Six international airports completed under PPP. The sector is expected to witness investments worth US$ 25 billion by 2027.
Navi Mumbai airport is being developed under PPP by GVK Group subsidiary, Mumbai International Airport (MIAL), and City and Industrial Development Corporation of Maharashtra Ltd (CIDCO), with an investment of US$ 2.22 billion.
Zurich Airport International signed the concession agreement for the development of Jewar Airport on the outskirts of Delhi.
In October 2022, Prime Minister Mr. Narendra Modi laid the foundation stone of C-295 Aircraft Manufacturing Facility in Vadodara, Gujarat.

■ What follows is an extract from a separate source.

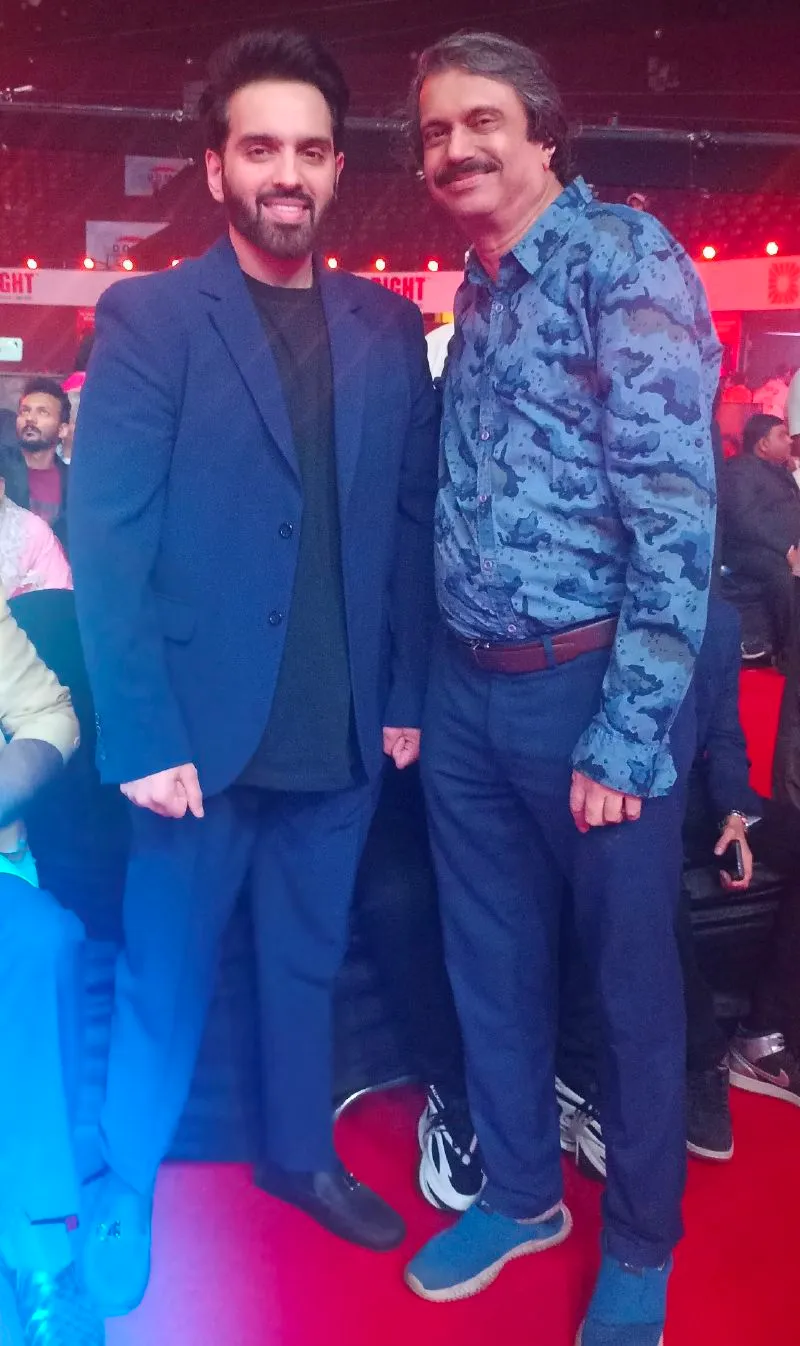 Yogesh Lakhani-Bday-Luv Sinha with Chaitanya Padukone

AAI plans to invest Rs. 25,000 crore (US$ 3.58 billion) in the next five years to augment facilities and infrastructure at airports. The Indian Government is planning to invest US$ 1.83 billion for the development of airport infrastructure along with aviation navigation services by 2026.
The National Civil Aviation Policy (NCAP) 2016
The National Civil Aviation Policy (NCAP) was published by the Ministry of Civil Aviation in 2016. It includes goals such as promoting the sector's rapid expansion, improving the ease of doing business, advancing regional connectivity, and allowing additional market actors to meet India's largely unmet and growing demand. The policy covers 22 areas of the civil aviation sector. Airlines can commence international operations and will have to deploy 20 aircrafts or 20% of their total capacity (whichever is higher) for domestic operations.

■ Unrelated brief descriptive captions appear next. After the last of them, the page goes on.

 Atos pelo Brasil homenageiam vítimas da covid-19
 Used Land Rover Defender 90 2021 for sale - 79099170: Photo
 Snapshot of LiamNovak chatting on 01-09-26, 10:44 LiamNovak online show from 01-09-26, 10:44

The Regional Connectivity Scheme- Ude Desh ka Aam Naagrik (RCS-UDAN)
To solve the supply-demand gap in India, a crucial component of the NCAP is "Ude Desh ka Aam Naagrik," an effort that comprises a Regional Connectivity Scheme to make air travel more affordable and expand routes and flights for unserved and underserved airports. Following the completion of the four rounds of bidding, 154 (unserved & underserved) airports, including 14 water-aerodromes and 36 Helipads/Heliports, have been identified under UDAN for the operation of RCS flights by 2023-24.

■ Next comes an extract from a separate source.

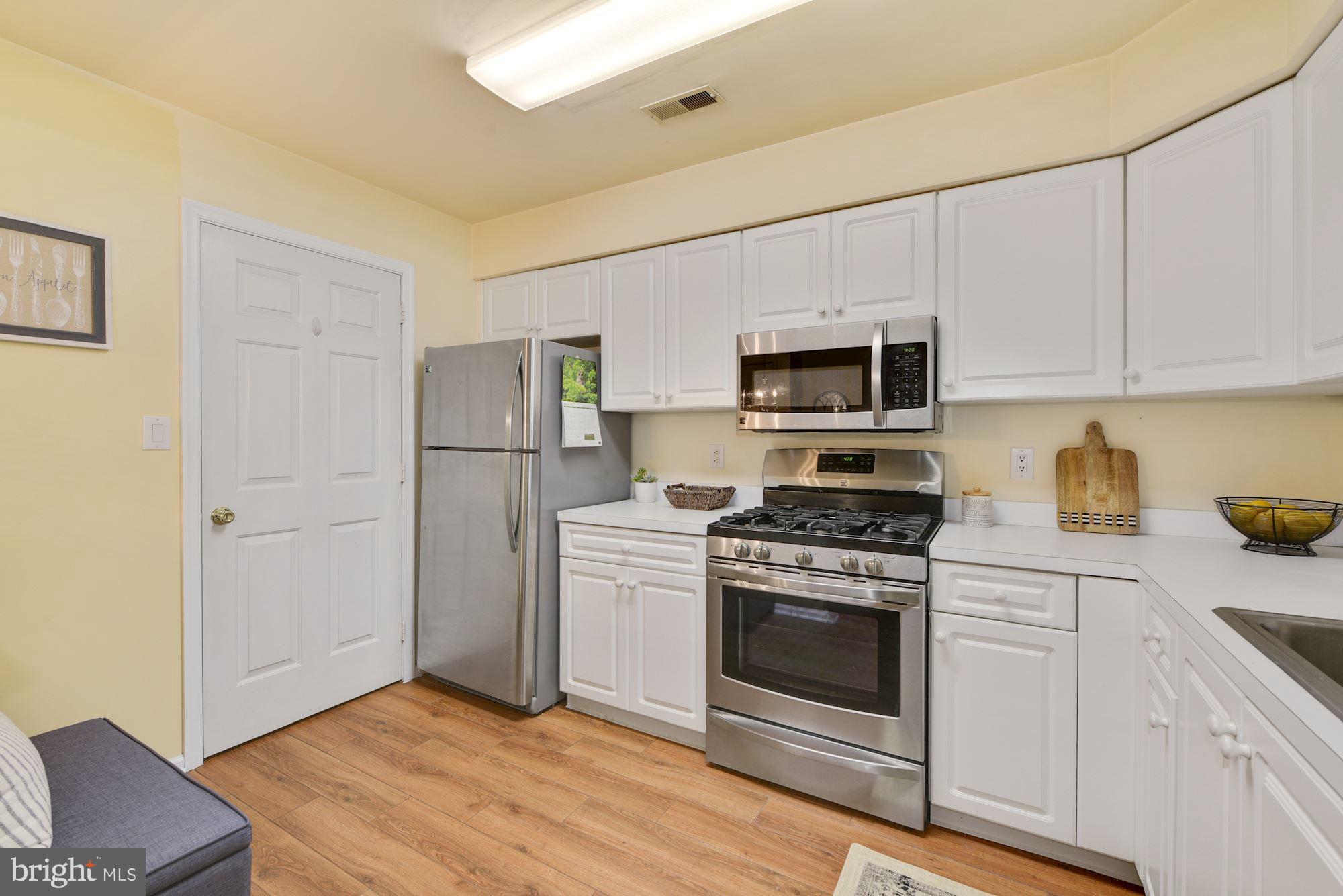 1402 Stokes Road Mount Laurel, NJ 08054 - Photo 13 of 25 Kitchen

Greenfield Airports Policy
The Greenfield Airports (GFA) Policy, 2008 was created by the Government of India (Gol), and it outlines the requirements, process, and rules for the construction of new Greenfield Airports in the nation. So far, the Government of India has given 'in-principle' approval for the establishment of 21 Greenfield Airports across the country, including Mopa in Goa, Navi Mumbai, Shirdi and Sindhudurg in Maharashtra, Kalaburagi, Vijayapura, Hassan and Shivamogga in Karnataka, Dabra (Gwalior) in Madhya Pradesh, Kushinagar and Noida (Jewar) in Uttar Pradesh.
Despite the challenges posed by the Covid-19 pandemic, India is currently the third-largest domestic civil aviation market in the world, which is a testament to both the vitality and potential of this market as well as to the inherent strengths of the Indian aviation industry: adaptability, agility, and innovation. But presently the legitimate goal of India is to be the largest global aviation market. Although many of the existing brown-field airports and greenfield airports in tier 2 and tier 3 towns and cities are likely to drive the sector's future expansion and are expected to grow into major airports. Public Private Partnership (PPP) models that are appropriately structured and policy-level interventions will be of utmost importance in maximising the enormous potential of these airports. Some of the interventions include continued funding for airports under the UDAN scheme, as well as flexibility in capital investments and regulatory measures.